Logo

The Planetary Computer, from a Home Lab

Author

Cole

Date Published

I love data, so I was excited when I found I could pull a Sentinel-2 image of my own backyard, for free, from a Python notebook running on my home server. The Microsoft Planetary Computer is the catalog that makes that work. It hosts roughly fifty petabytes of Earth observation and environmental data in cloud storage, exposes it through a standard API, and asks for nothing more than a free account key.

I’ve used it for two projects on this blog: a species distribution model for spotted lanternfly in Great Smoky Mountains National Park and an eight-year look at NDVI change in the same park. This post serves two purposes, first I needed an excuse to really read through all of it, and second is to share it in the hopes that more citizen scientists leverage it. In this post I wanted to explore what kinds of questions it can answer, and share how to use it without abusing it. The audience I have in mind is the person who runs a JupyterLab container at home, has a GPU around, reads ecology papers for fun, and wants to test their own ideas.


A Primer on the Language

If you’ve worked with satellite data before, skip this. If you haven’t, the following five concepts cover most of what I've seen in many dataset descriptions.

Resolution is the size of one pixel on the ground. A 10-meter resolution image means each pixel covers a 10 m × 10 m square. A 30-meter pixel covers about a tenth of an acre. A 1-kilometer pixel covers about 250 acres. At 10 m you can pick out individual buildings and large trees. At 1 km you can see whole forest stands but not the trees in them. Higher resolution isn’t always better; it’s more data to move, more disk space, and often unnecessary.

Revisit interval is how often a satellite passes over the same point on Earth. Sentinel-2 has a five-day revisit, which means it photographs roughly the same spot every five days. Landsat is sixteen days. Daily revisit is a different class of instrument entirely. Clouds get in the way, so a five-day revisit usually means a usable cloud-free image every two to four weeks, depending on latitude and how often it rains where you're looking.

Spectral bands are the slices of light a satellite records.
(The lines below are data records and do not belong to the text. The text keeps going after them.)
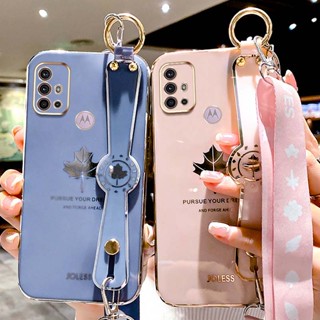 เคสโทรศัพท์มือถือซิลิโคน ลายใบเมเปิ้ล 6D พร้อมสายคล้องข้อมือ สําหรับ Motorola Moto G30 G20 G10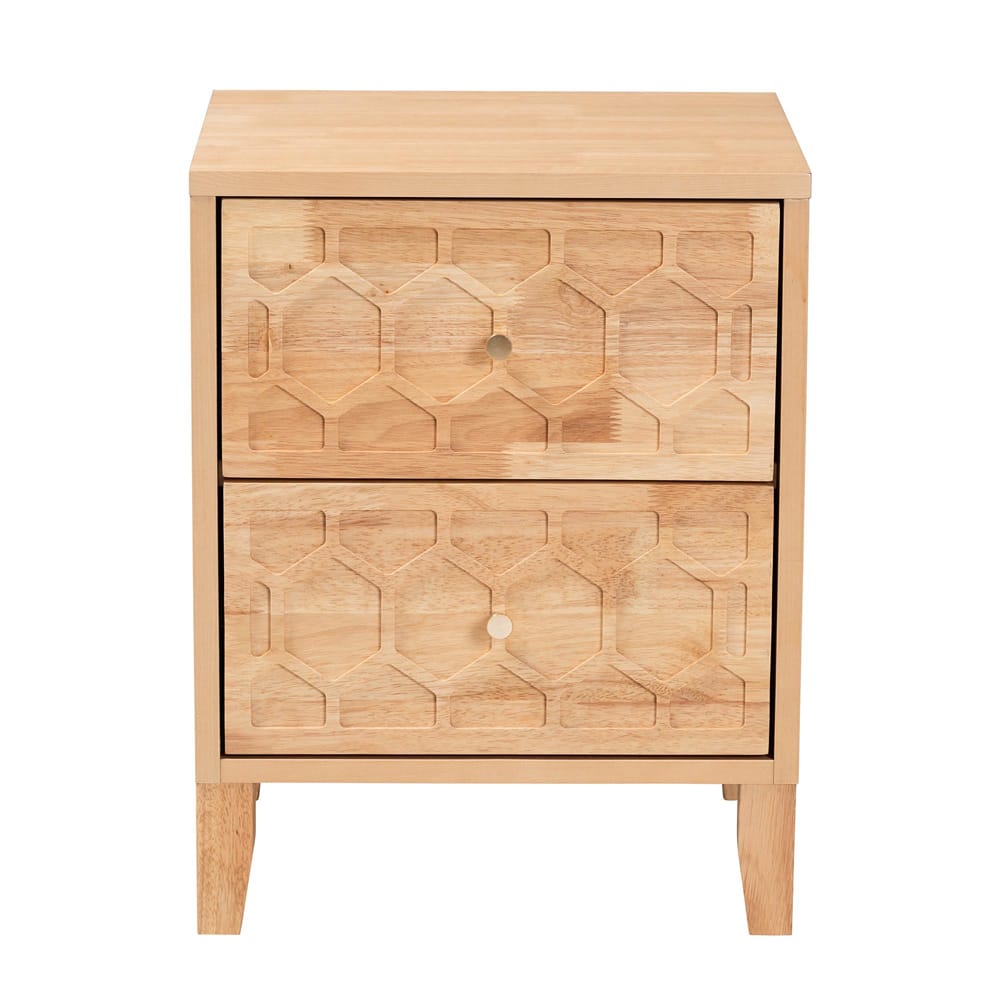Baxton Studio - Hosea Nightstand in Natural - SW8000-61NS2D-2DW-Natural-Nightstand view 3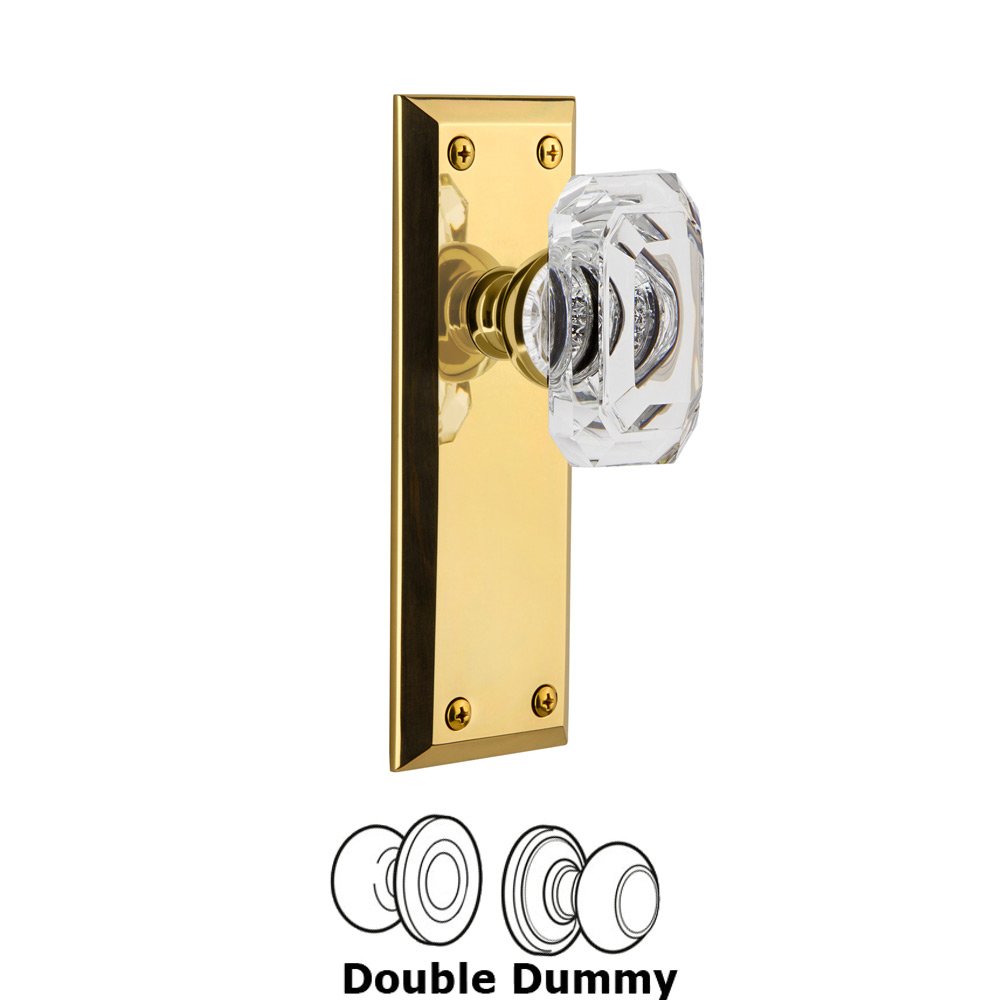 Grandeur Fifth Avenue - Double Dummy Knob with Baguette Clear Crystal Knob in Lifetime Brass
The human eye sees three: red, green, blue. Sentinel-2 records thirteen, including several in the near-infrared and shortwave-infrared parts of the spectrum that aren’t directly visible. Healthy vegetation reflects strongly in the near-infrared, which is why “vegetation index” math works at all. Different bands answer different questions: vegetation health, water content, mineral type, surface temperature.

Optical versus radar. Optical satellites are cameras. They need sunlight, and clouds block them. Radar satellites send out their own radio waves and listen to what bounces back, so they work at night and perform better through clouds than optical. That’s why radar matters for places like the tropics or the Pacific Northwest where the sky is gray half the year.

STAC and Cloud-Optimized GeoTIFFs. This is just an unavoidable terminology dump. TIFF is a file format for images, GeoTIFF extends that to geographic data. STAC stands for SpatioTemporal Asset Catalog. It’s a JSON-based standard for describing where and when satellite images were taken, so software tools can search across petabytes of data without knowing anything about the underlying storage. A Cloud-Optimized (ironically not referring to the clouds that might be in the GeoTIFFs themselves) GeoTIFF is a regular GeoTIFF image with its internal layout reorganized so programs can fetch just the pixels they need over HTTP rather than downloading the whole file.


What’s in the Catalog

The Planetary Computer hosts well over a hundred datasets. Reading the list straight through is an alphabet soup of acronyms. I had to step back and think about the groups from the style of data they contained to better understand what all was in there.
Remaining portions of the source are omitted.